Action item: Repetition must be exact and must stop with the line bearing "Almost new COACH bag/tote". It begins at the first line of the records and includes no pictures.

··· Entries shown ···

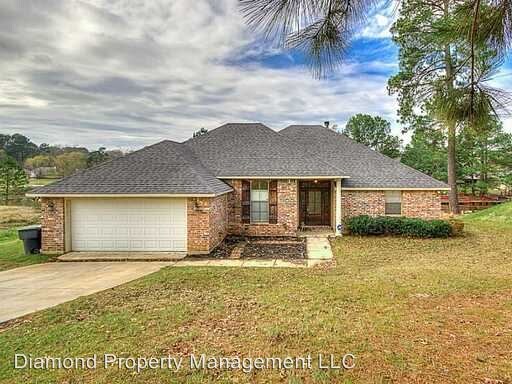 Primary Photo - 3524 Lakeside Dr
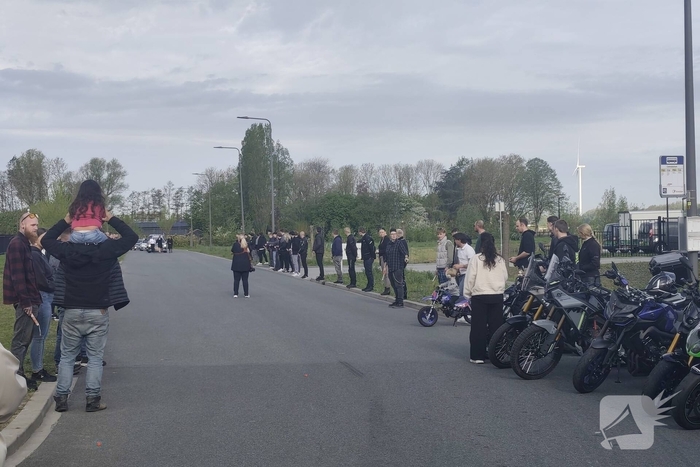 Uitvaart motorrijder trekt veel bezoekers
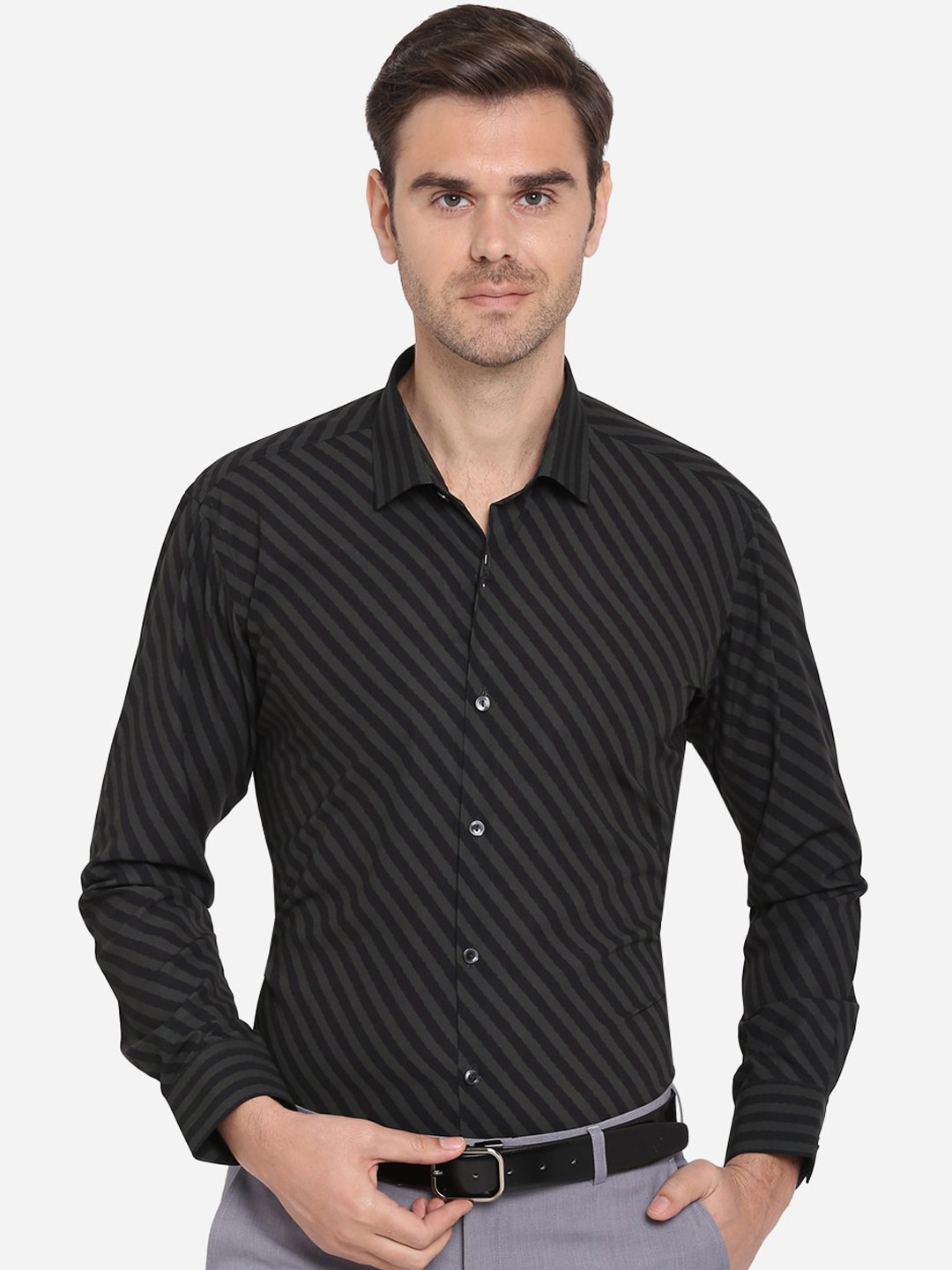 

JB STUDIO Men Black Slim Fit Striped Casual Shirt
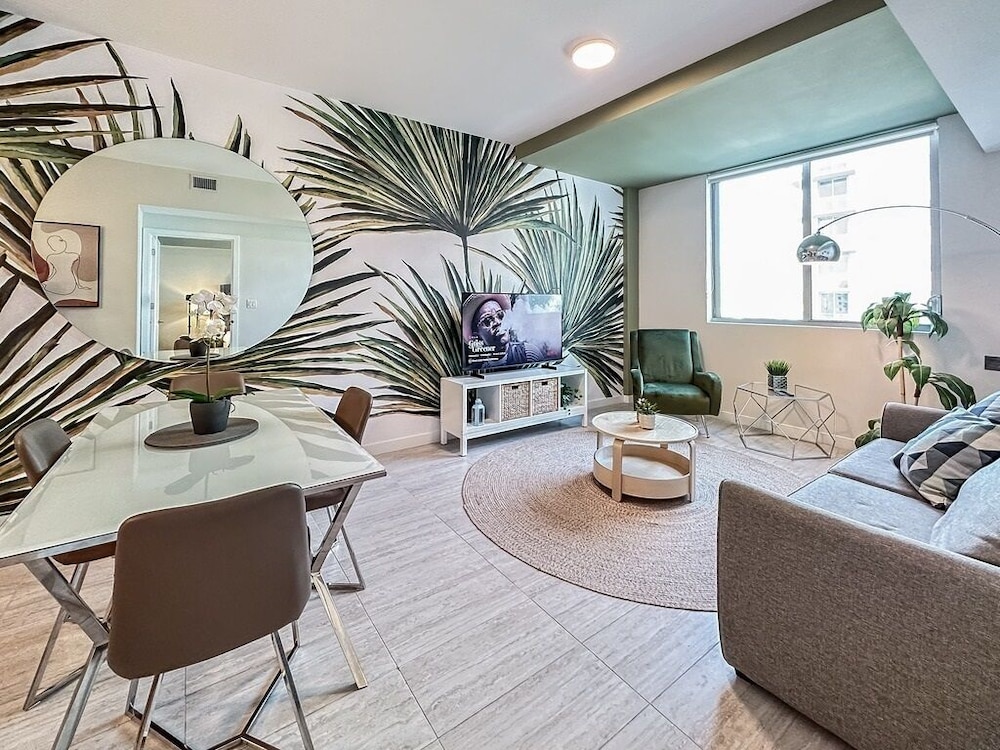 Deluxe Condo, Sea View photo 3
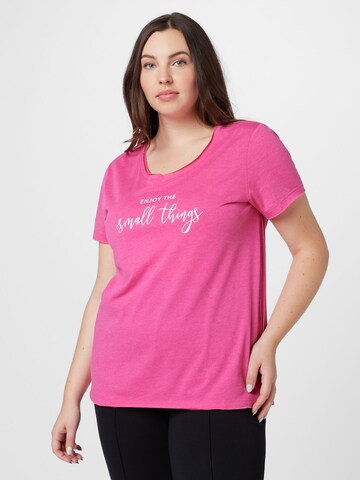 ONLY Carmakoma Тениска 'QUOTE' в розово: отпред
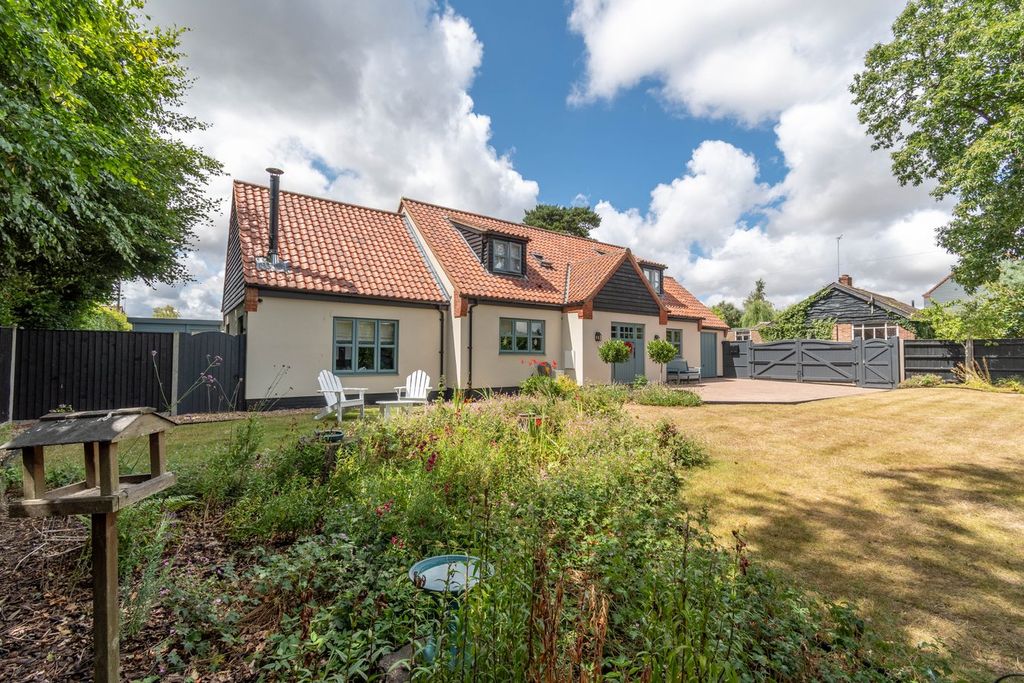 Additional image 2 of 4 bed detached house for saleThe Drift, Fakenham NR21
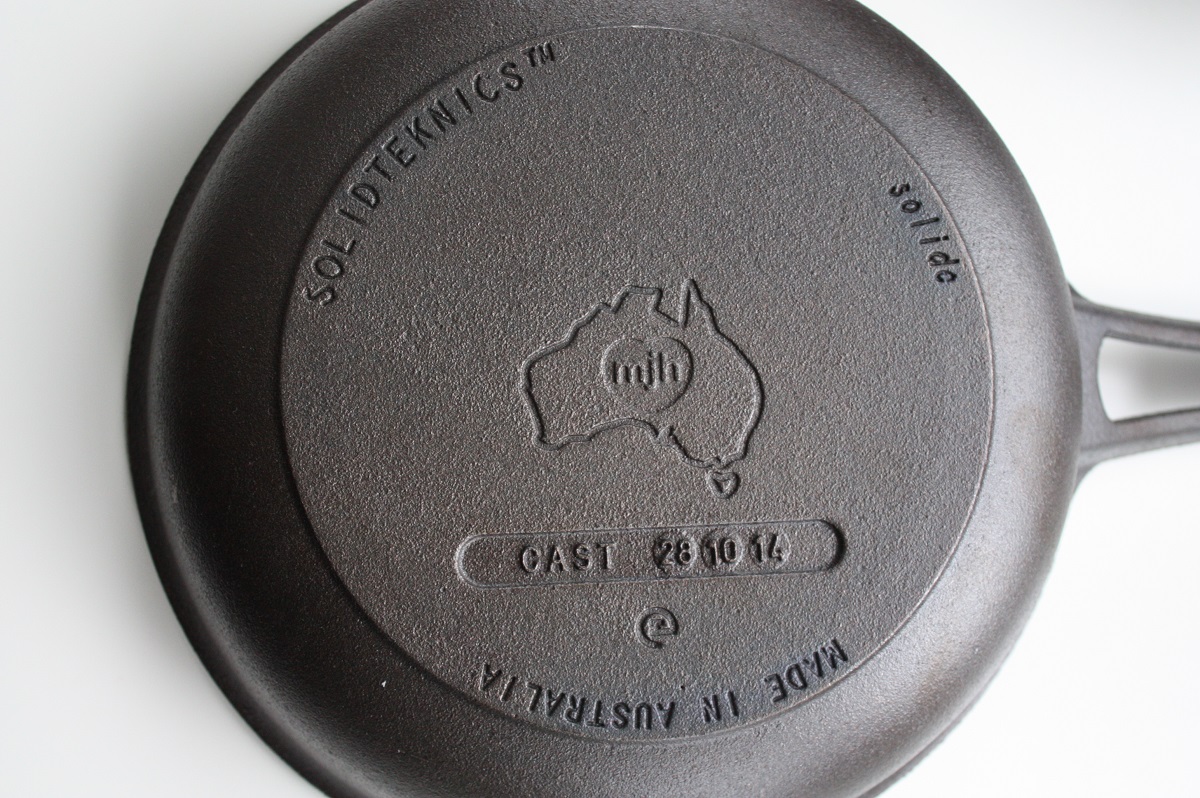 SOLIDTEKNICS AUSfonte cast iron Sauteuse 24cm 1-1-15b 1200x798.jpg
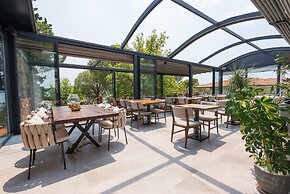 Cunda Pier Otel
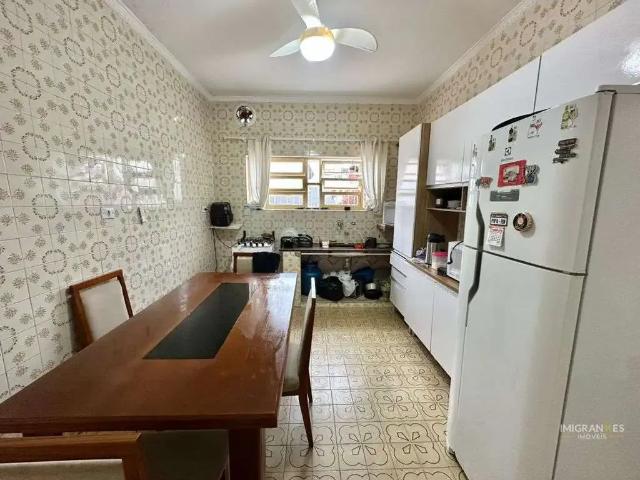 Casa / Sobrado para Locação em Praia Grande/SP Canto do Forte 2 Quartos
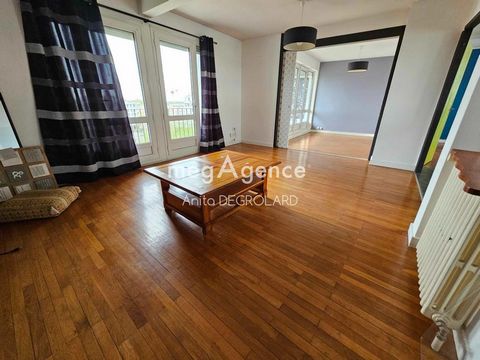 APPARTEMENT T3 OU T4 PLACE DE LA VENDEE - LA ROCHE SUR YON
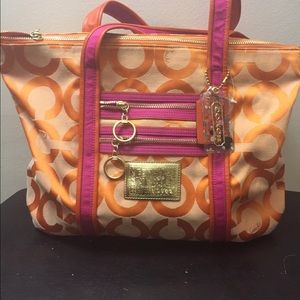 Almost new COACH bag/tote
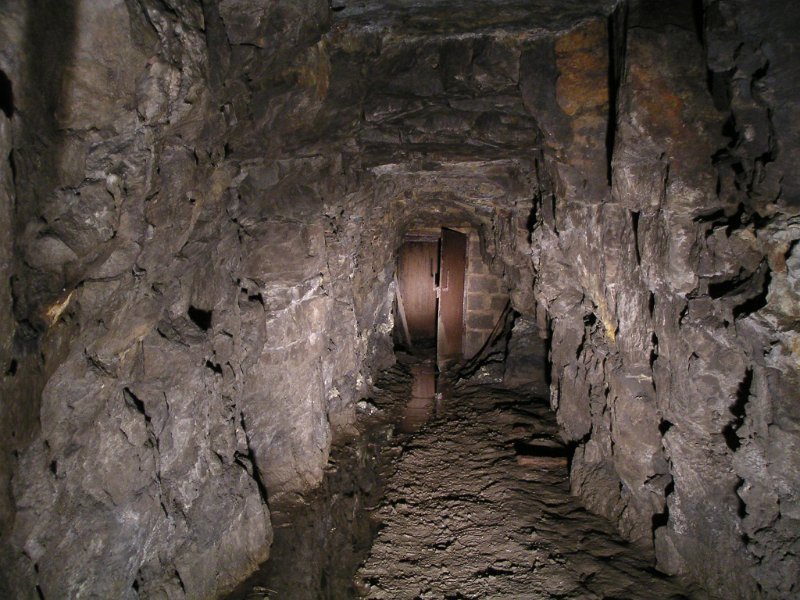 PICT6224.jpg - Looking at the second ventilation door.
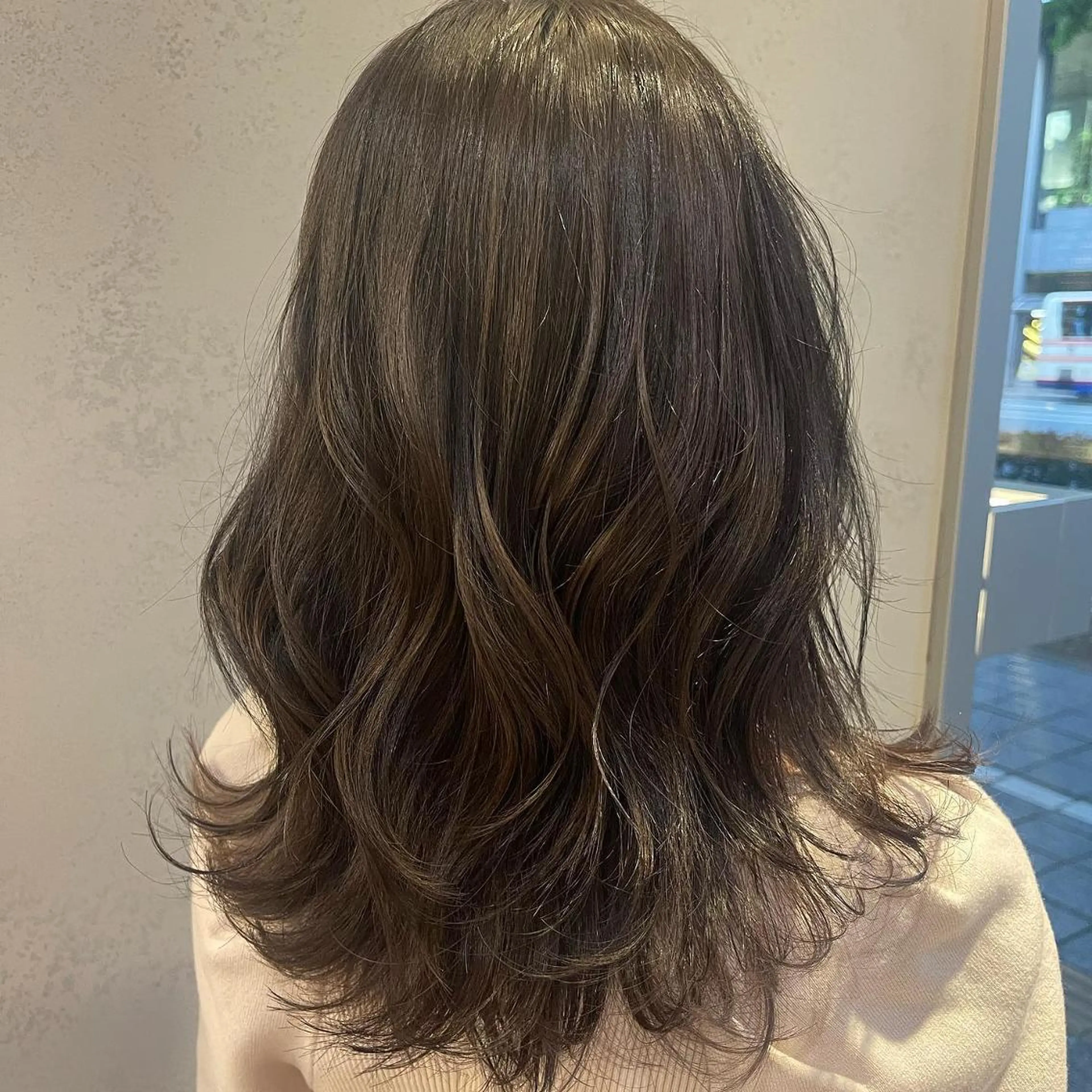 ミディアム カラー ヘアアレンジ イルミナカラー 髪質改善 レイヤーカット 外ハネヘア 縮毛矯正 ❥【韓国風ヘア】 stylist 林❥のエステ・リラクイメージ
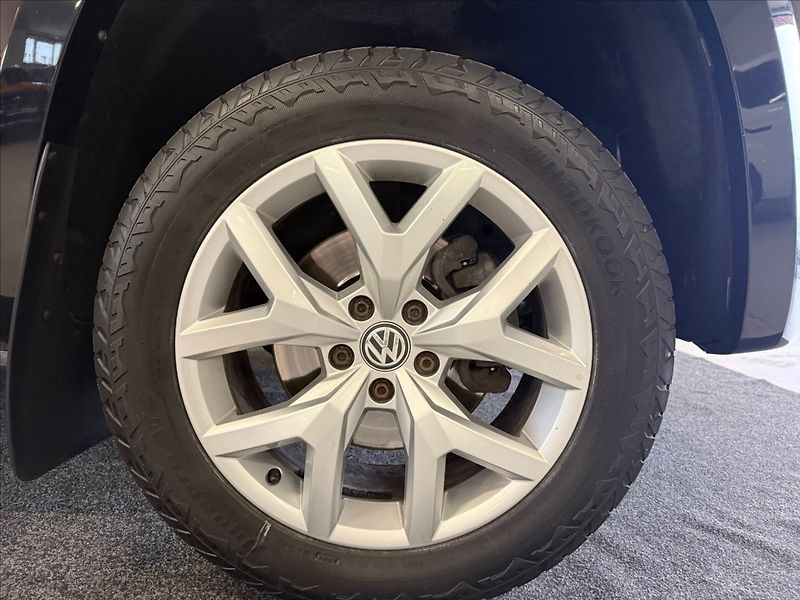 Volkswagen Amarok 3,0 V6 Hardtop,po servisu - fotka 26 z 38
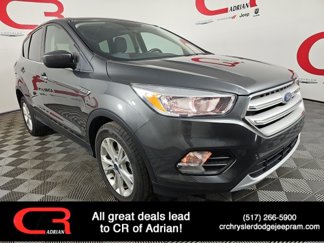 Used 2019 Ford Escape SE image 1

···

Your solution:
 Primary Photo - 3524 Lakeside Dr
 Uitvaart motorrijder trekt veel bezoekers

JB STUDIO Men Black Slim Fit Striped Casual Shirt
 Deluxe Condo, Sea View photo 3
 ONLY Carmakoma Тениска 'QUOTE' в розово: отпред
 Additional image 2 of 4 bed detached house for saleThe Drift, Fakenham NR21
 SOLIDTEKNICS AUSfonte cast iron Sauteuse 24cm 1-1-15b 1200x798.jpg
 Cunda Pier Otel
 Casa / Sobrado para Locação em Praia Grande/SP Canto do Forte 2 Quartos
 APPARTEMENT T3 OU T4 PLACE DE LA VENDEE - LA ROCHE SUR YON
 Almost new COACH bag/tote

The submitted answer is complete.